Government PSHE Guidance and the National Curriculum
PSHE education is a school subject through which pupils develop the knowledge, skills and attributes they need to keep themselves healthy and safe, and prepare for life and work in modern Britain. Evidence shows that well-delivered PSHE programmes have an impact on both academic and non-academic outcomes for pupils, particularly the most vulnerable and disadvantaged.
PSHE education is a non-statutory subject on the school curriculum. However, section 2.5 of the national curriculum states that all state schools ‘should make provision for personal, social, health and economic education (PSHE), drawing on good practice'.

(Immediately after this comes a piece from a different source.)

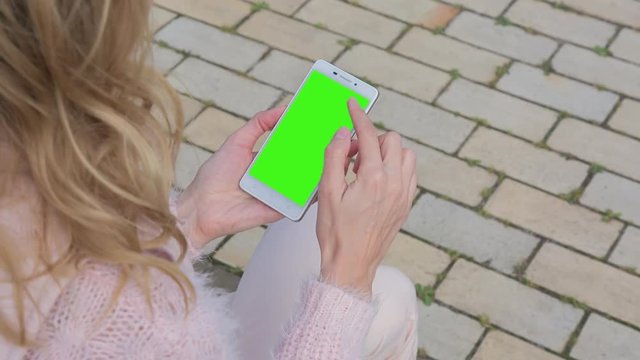 Young Woman in pink jeans sitting on bench uses SmartPhone with pre-keyed green screen. Few types of gestures - scrolling up and down, tapping, zoom in and out. Perfect for screen compositing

In addition to the national curriculum framework, the Department for Education guidance states that the subject is ‘an important and necessary part of all pupils’ education’ and that ‘schools should seek to use PSHE education to build, where appropriate, on the statutory content already outlined in the national curriculum, the basic school curriculum and in statutory guidance on: drug education, financial education, sex and relationship education (SRE) and the importance of physical activity and diet for a healthy lifestyle.'
Maintained schools are required to publish details of the curriculum by year group for all subjects, including PSHE education. This should be with the same level of detail as for all other subjects.

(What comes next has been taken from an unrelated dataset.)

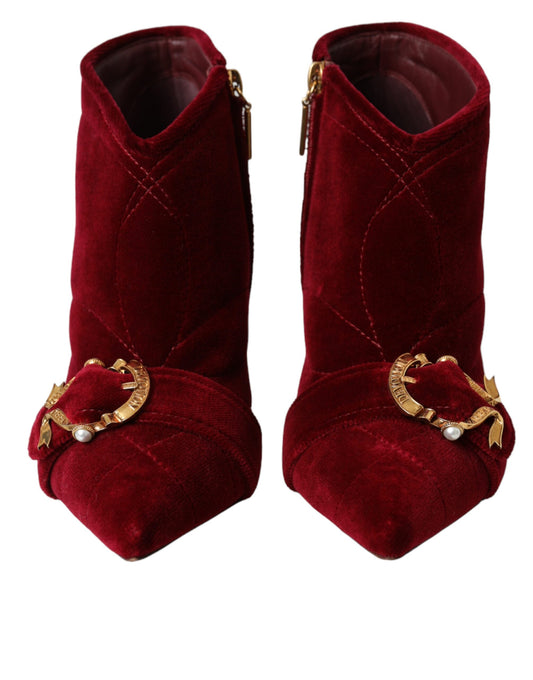 Pair of red velvet boots with gold buckles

Academies, free schools and independent schools are not bound by the national curriculum, however all schools share the statutory duties outlined in the sections below. A school’s best approach is therefore to ensure that a comprehensive programme of PSHE education is in place. Independent schools inspected by the Independent School Inspectorate (ISI) are also required to have schemes of work for PSHE which are ‘implemented effectively’.
In March 2017, then Education Secretary Justine Greening announced that RSE would be compulsory in all secondary schools, and 'relationships education' in all primary schools. She also committed to considering the status of broader PSHE education. A call-for-evidence on the nature of these proposals concluded in 2018 and on 19 July 2018 current Education Secretary Damian Hinds announced that the health education aspect of PSHE would also be compulsory in all schools. Draft guidance was also published on 19 July for further consultation until November. Final guidance should be available to schools from September 2019, and health and RSE/relationships education compulsory from September 2020. The Education Secretary urged those schools covering health and relationships education very successfully through PSHE education to continue to do so. The PSHE Association described the addition of compulsory status for health education as a 'major step' towards better PSHE education for all and published initial guidance on what this means in practice for schools.
The national curriculum also states that ‘all schools should make provision for personal, social, health and economic education (PSHE), drawing on good practice'. PSHE education contributes to schools' statutory duties outlined in the Education Act 2002 and the Academies Act 2010 to provide a balanced and broadly-based curriculum and is essential to Ofsted judgements in relation to personal development, behaviour, welfare and safeguarding. The relationships and health aspects of PSHE education will be compulsory in all schools from 2020.
- PSHERisk managing
- Emotional health and wellbeing
- Resilience and Self Esteem Toolkit (ReSET)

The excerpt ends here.